The present invention is based on an insight that the conductive warp or weft yarns of a textile exposed to the outside of the textile can be covered by the insulating weft or warp yarns respectively, by long floats. The insulating yarns are interwoven in the multilayer structure in order to partially cover the exposed conductive yarns on the face of the fabric.

An advantage of the present invention is that the risk for short circuit is reduced when e.g. bending, buckling, folding or wrinkling the textile since the electrically conductive warp yarns of the first layer are partially covered by the insulating weft yarns.

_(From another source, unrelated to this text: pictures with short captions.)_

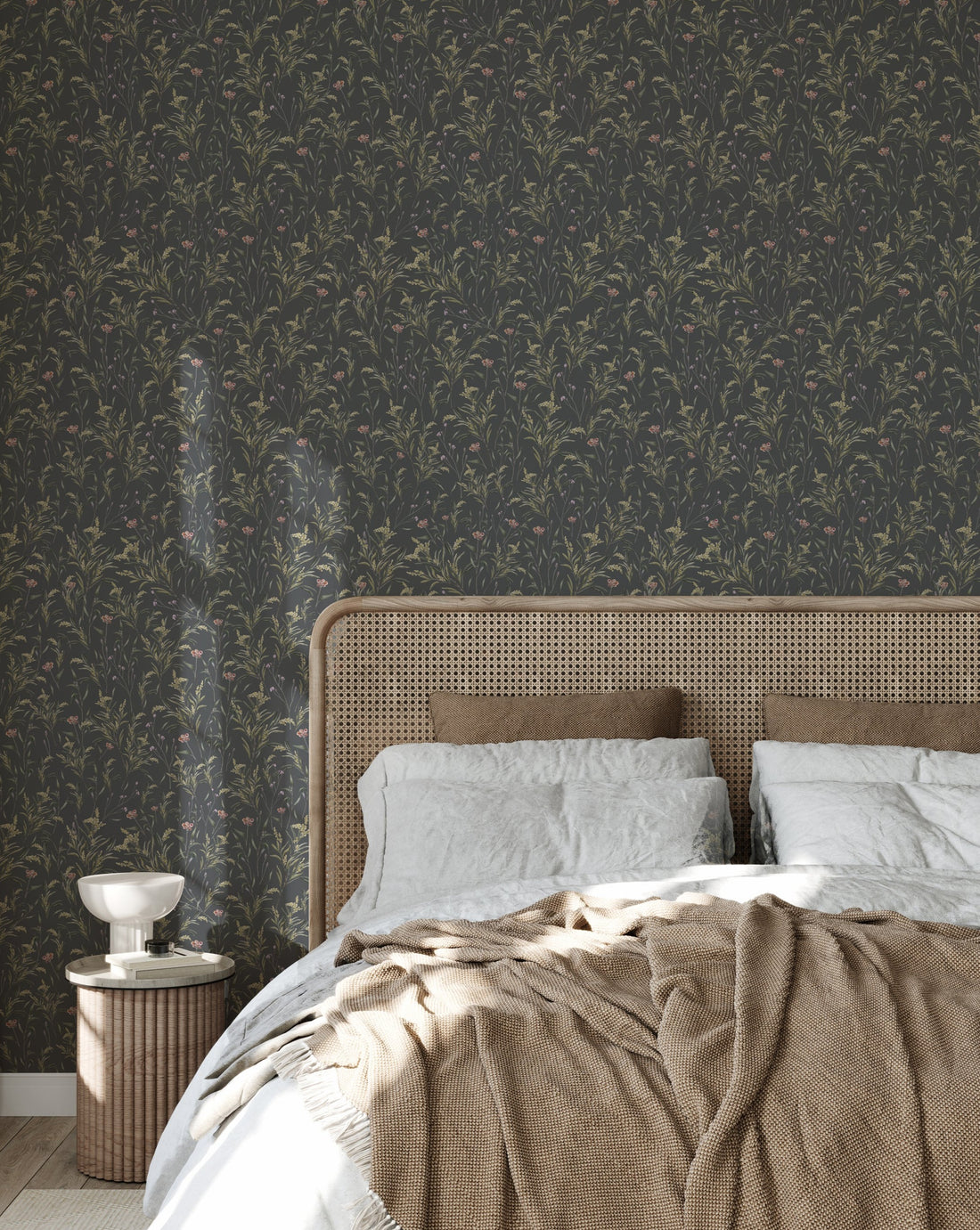 Spring Meadow Wallpaper - Midnight - Summer Gray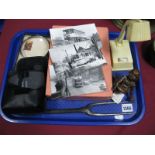 A 1930's Vanity Set, Pifco lamp, magnifier, 1950's tram photo's etc:- One Tray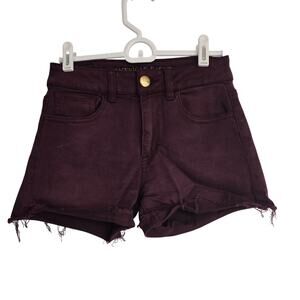 Women's American Eagle Hi-Rise Shortie Maroon Denim Cutoff Jean Shorts | Size 0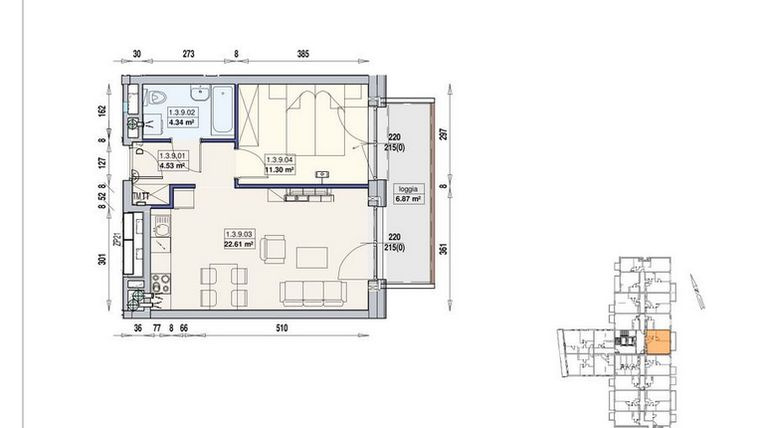 Rzut - Mieszkanie na sprzedaż 2 pokoje o powierzchni 42,78 m² - numer 1/3/9/2a w Gwarna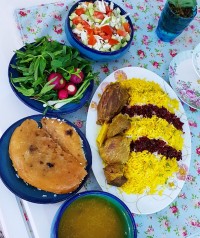 زرشک پلو با ماهیچه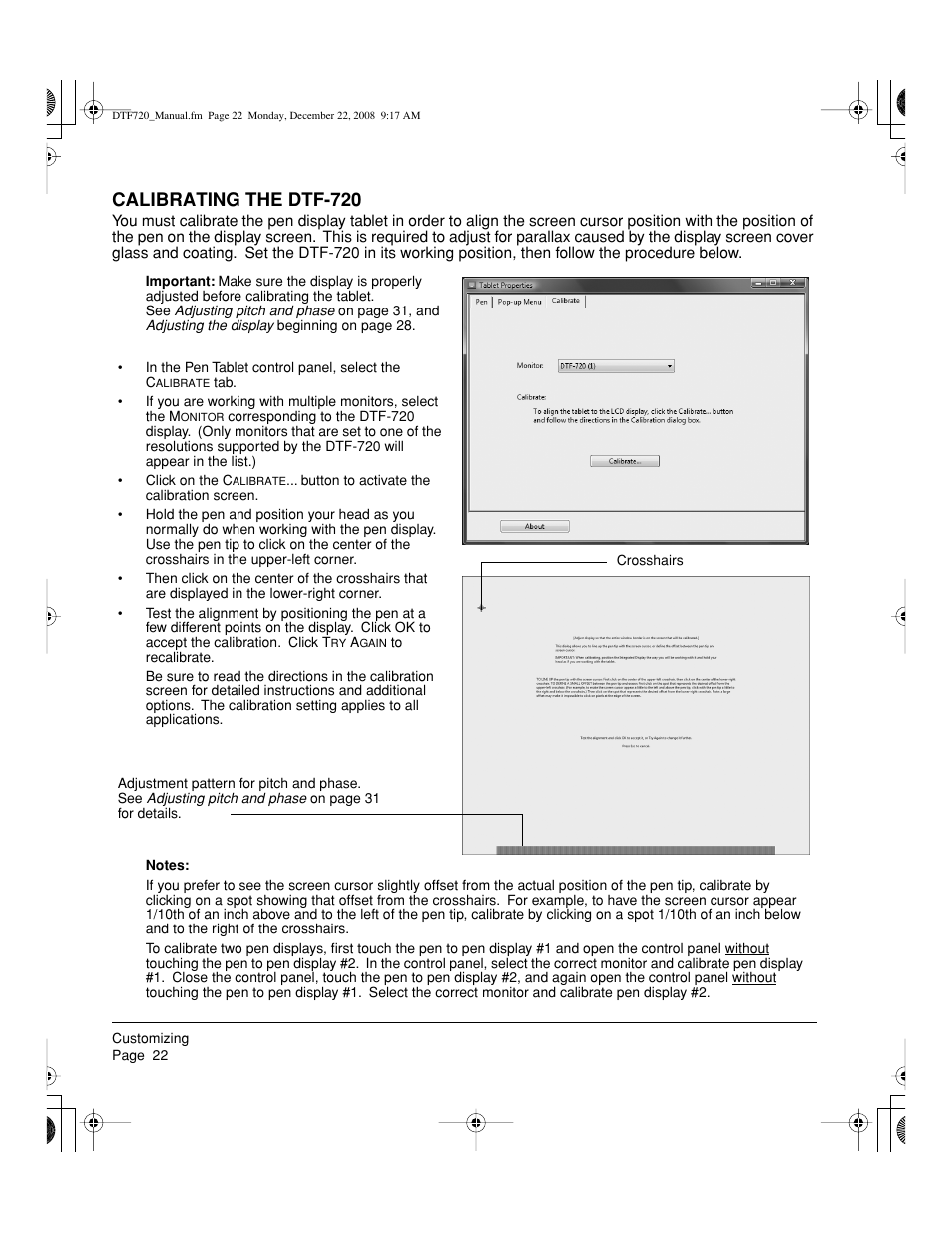 Calibrating the dtf-720 | Wacom DTF-720 User Manual | Page 24 / 60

The zones where insulating weft yarns do not cover the conductive yarns of the warp or where no insulating warp yarn covers the conductive weft yarns may be used for connection of electronic components, thereby resulting in a completely electrically isolated surface after assembly of the components.

The interweaving of the electrically insulating yarns provides insulating floats at the first face of the textile, thereby preventing electrically conductive yarns of the first layer from short-circuiting.

Another advantage of the present invention is that the textile facilitates the connection of electronic components as the conductive yarns are non insulated, i.e. there is no need of removing an outer layer of the yarn before the connection of a component.

Another advantage of the present invention is that the creation or realization of crossover points or via connections from one face of the textile to another is facilitated as an electrical contact between a conductive yarn of the warp and a conductive yarn of the weft readily is established by a physical contact. There is no need for further processing of the conductive yarns nor for advanced structure.

According to an embodiment, at least one electrically conductive weft yarn is interwoven between the first and second faces of the multilayer warp and crosses at least one of the first and second faces by means of a loop arranged around a selected warp yarn of at least one of the first and second layers, respectively.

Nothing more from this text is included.